Hi Martin,
thanks for your answer! The following text describes how we used to worked in a previous company…
When starting a new project, we usually defined performance budgets via Trial&Error on a particular platform. Finding out how many Render-State changes, Vertices, and so on the hardware can handle before dropping under the frame-rate we have to achieve.
Then we had different automated performance tests, some of these were continuous integration performance tests.
For example, each level had several pre-defined camera positions. The performance test placed the camera at each of these points for a certain time-frame and moved the camera around, for example a slow 360° degree turn around the Y-axis within 30 seconds for a first-person shooter like game.
The test measured the CPU performance during the entire time. At end end of the test, we have a graph similar to the one in this post . The test in the linked post is from my hobby-project though, but the idea is the same, just a simpler implementation in my hobby-project.
If we could also measure other statistics beside “Framerate”, it would allow us to automatically detect what’s most likely the issue for the frame-rate drop in a certain camera view.

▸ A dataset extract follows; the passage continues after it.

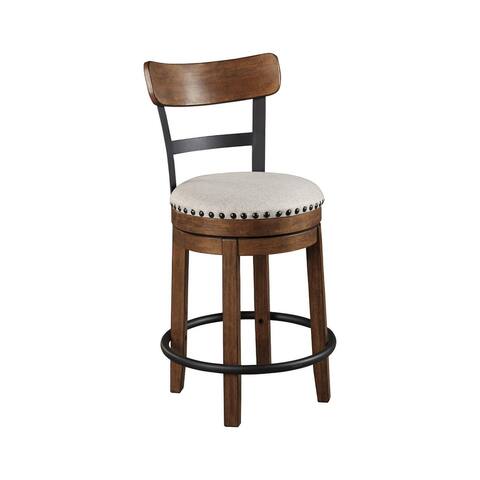 Valebeck Swivel Barstool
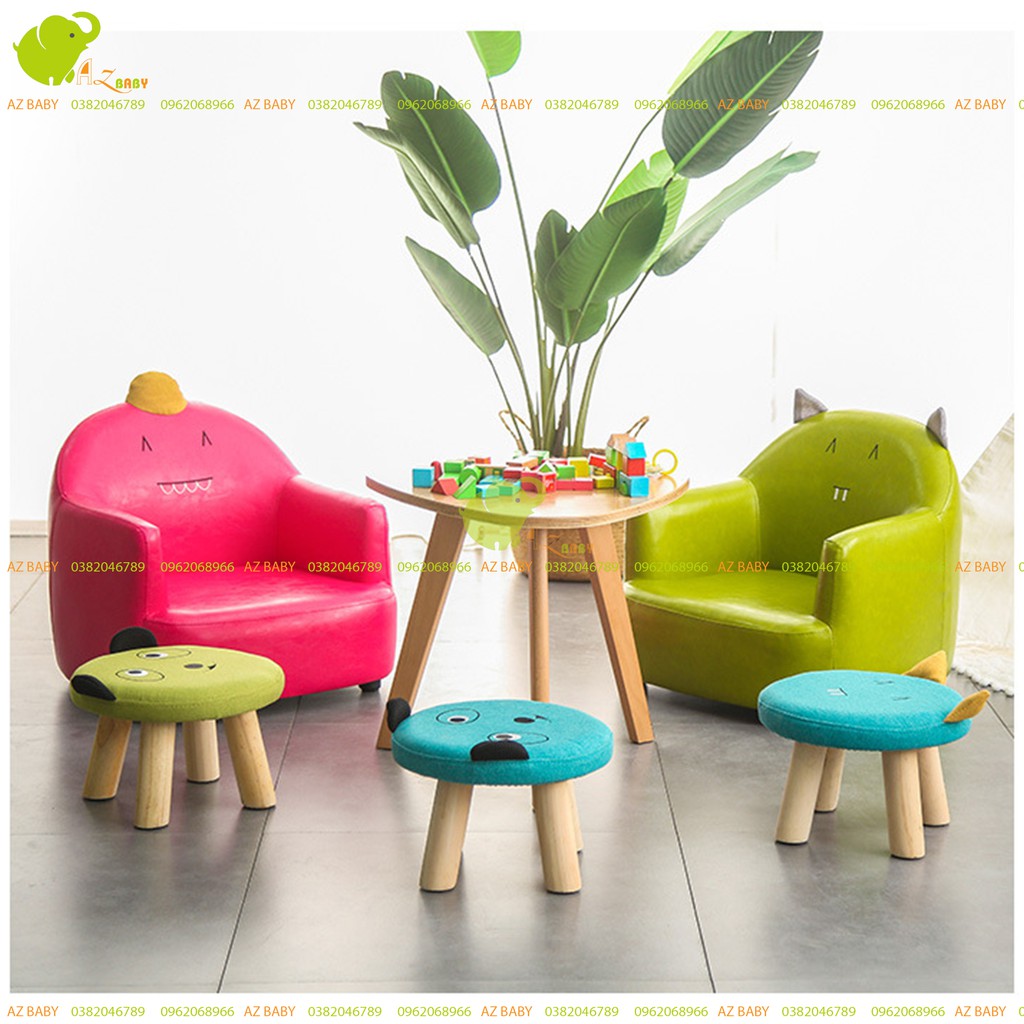GHẾ ĐÔN MINI CHO BÉ SASCAO04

For example, if one of these camera positions drops below 30 fps and we detect there were 10x the amount of vertices than our budget allows, it immediately gives a clue where to look in order to fix it. This allows non-programmers to understand where to look for performance issues. Also simple things like “are we CPU or GPU bound” is really useful to have.
If the performance test generates a text like:
Level “Harbour” camera position “Region 4” (Rotation=0,54,0) dropped to 20 fps, pushing 10000000 vertices more than in our budget.
… can be understood by non-programmers as well, for example by level builders. Especially if he/she just worked in this area and the test runs after he/she pushed the changes, then after the test “failed” generates an email with this text and sends it to him/her or a selected group of people.
Because we couldn’t generate this detailed information why a performance test failed, a programmer needed to investigate always.
EDIT: We also had a “performance overlay” in the game that we could activate at any time. It displayed CPU ms, Memory consumption, etc. Adding more detail to this would also allow situation like this:
Inhouse QA tests game. Comes into a region that drops to 10 fps. Checks Performance Overlay. See’s 100000 Draw-Calls. Moves over to level design “Didn’t you add more items to this region yesterday? Yes I did, looks great right? It sure does, but maybe you placed a little too many objects. I’ll create you a ticket”. It’s also something that will move work away from a programmer.
I hope this clears things up, otherwise please let me.
Edit2: something like “gc allocs per frame” would be nice too.